# sliding dovetail joints



## jw2170 (Jan 24, 2008)

What is the best way to hold/clamp a board (3/4 x 3 x 22") while trying to put in a sliding dovetail pin in the end?

I was thinking of a tenon jig?

Routed the slots ok in the legs but when I routed the pins in the rails they were short and very loose. 

I was just holding the boards up against the router fence BTW.

PS Harry, no photos yet as these were just the test pieces..

James


----------



## bobj3 (Jan 17, 2006)

Hi jw2170

I got the jig below from Oak-Park and I also made a shop one, but the key is to have a jig hold the stock for you..in that way your pins will come out right on the button every time..and it's very safe.. 



http://us.oak-park.com/catalogue.html?list=RTS-MGS-

If you want to see a snapshot of the home made one just ask and I will dig it up and post it..

=========

for the legs
http://www.routerforums.com/show-n-tell/5673-john.html



========



jw2170 said:


> What is the best way to hold/clamp a board (3/4 x 3 x 22") while trying to put in a sliding dovetail pin in the end?
> 
> I was thinking of a tenon jig?
> 
> ...


----------



## harrysin (Jan 15, 2007)

Because I lack imagination James I really do need pictures to show what it is you are attempting to do so that I may possibly be able to help you.


----------



## jw2170 (Jan 24, 2008)

BJ.



> If you want to see a snapshot of the home made one just ask and I will dig it up and post it..


 yes please.

That jig looks exactly what i was after ( I like the RWW jig but can't afford that at the moment, going on holidays in 3 weeks ).

Your jig has a vertical face that I can clamp the stock to and then slide along the router fence. Are the dimensions critical?

Do you mind if I copy the jig?

Harry, I hope to get some shots next weekend.

James


----------



## jw2170 (Jan 24, 2008)

BJ



> I got the jig below from Oak-Park


From what I have seen of the Oak-Park Jigs, they all seem to be set for a fixed width of 3/4"...

Has anyone used the mitre jig on any other thickness of timber?

James


----------



## bobj3 (Jan 17, 2006)

Hi James

The base plate is drilled to take on 1/2" and 3/4" wide stock, but you can use it on a bit wider stock but not less than 1/2" the norm if you use a standard 1/2" wide dovetail bit then if you use it with a 1/4" dovetail bit you use it on 5/16" and 3/8" wide stock.


" Advantages Of This System!

* No slot needed in your router table;
* Works around a guide to center and position the router bit;
* Clamp keeps pressure on the material directly over the bit;
* Makes dovetail pins for drawer slides (90 degree) or table legs (45 degree) in minutes;
* Automatically centers dovetail pins on 1/2" or 3/4" stock;
* Rotating mitre head locks in four positions;
* Predrilled pin holes for corner keys;
* 1" Brass Guide (shown in photo), Locking Ring Nut & 1/2" Dovetail Bit required but NOT included with the M053. "

===


----------



## jw2170 (Jan 24, 2008)

BJ,

I was just thinking of how to use the jig you showed earlier.

I realised that if I clamped the stock to the front of the jig and slid the jig along the router fence, the stock would be between the fence and the bit. 

I understand this is a no no....

I might screw a piece of 3/4' mdf to the front of the jig, leaving a 1/2" gap underneath, then clamp the stock to that.
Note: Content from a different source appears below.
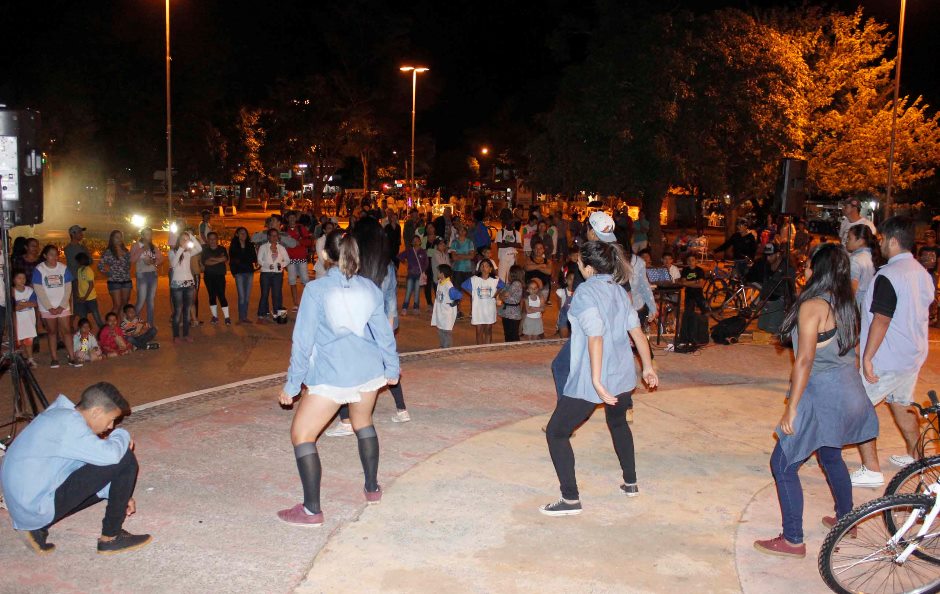 Galeria de Fotos do Bonito Esportivo pelas ruas da cidade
This would bring the stock out to the front of the bit...

Does that make sense?

James


----------



## bobj3 (Jan 17, 2006)

Hi James

If you are talking about the Oak-Park jig the router table fence will not be used.. the jig has a slot down the center for a guide and that's all that's needed..the jig has a snap on fence that the stock is clamped to...
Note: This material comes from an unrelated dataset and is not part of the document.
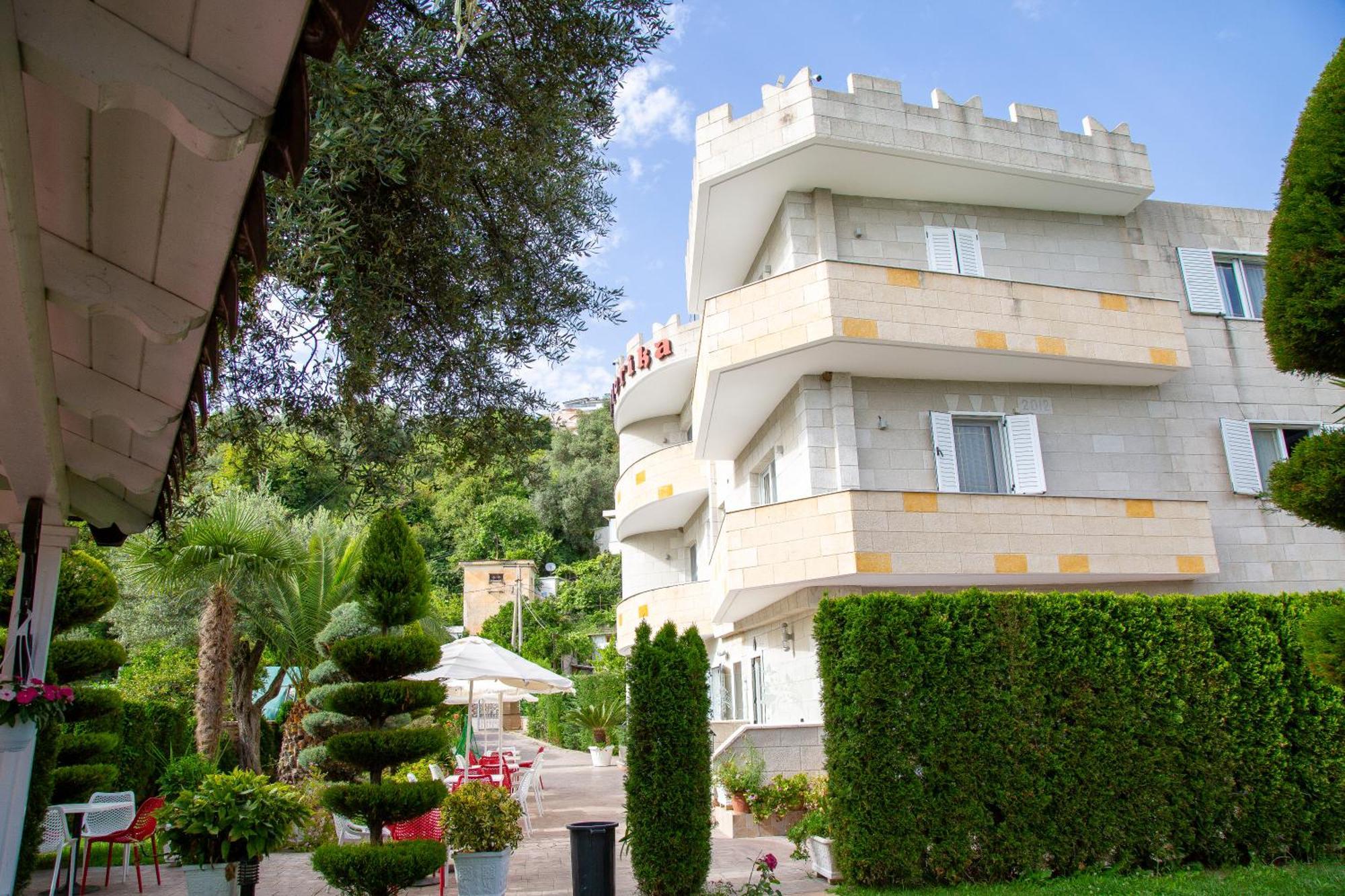 Vila Florika Hotel Borsh Exteriér fotografie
Here's a snap shot of the one I made it may make it a bit essayer to get my jig is a bit funky but it works ..


=========





jw2170 said:


> BJ,
> 
> I was just thinking of how to use the jig you showed earlier.
> 
> ...


----------



## Mike (Nov 22, 2004)

James, the Oak Park jig is super quick and accurate. All the guess work is gone and the dovetails turn out perfect every time. If you need to cut just a couple you recess the bit into your regular fence and then make a test cut on both sides of your stock. Then adjust the fence as needed to get the correct pin size. I would use scrap material for the set up until it is on the money, then run your project stock.


----------



## jw2170 (Jan 24, 2008)

Mike,

Re


> the Oak Park jig is super quick and accurate. All the guess work is gone and the dovetails turn out perfect every time. If you need to cut just a couple you recess the bit into your regular fence and then make a test cut on both sides of your stock. Then adjust the fence as needed to get the correct pin size. I would use scrap material for the set up until it is on the money, then run your project stock


I agree100% with you comments. If I could afford the Oak Park jig, I would order one but it will cost me about $us140 + postage to get from Oak Park.
About $A200.

This one will have to wait until next year....

I was using the regular fence but could not hold the stock level against the fence so was looking for a way to clamp it in place.

I will show some photos next weekend....

BJ,

The jig I was talking about was the leg jig . I will modify that to suit.
If I use cutting board material this should slide smoothly along the table.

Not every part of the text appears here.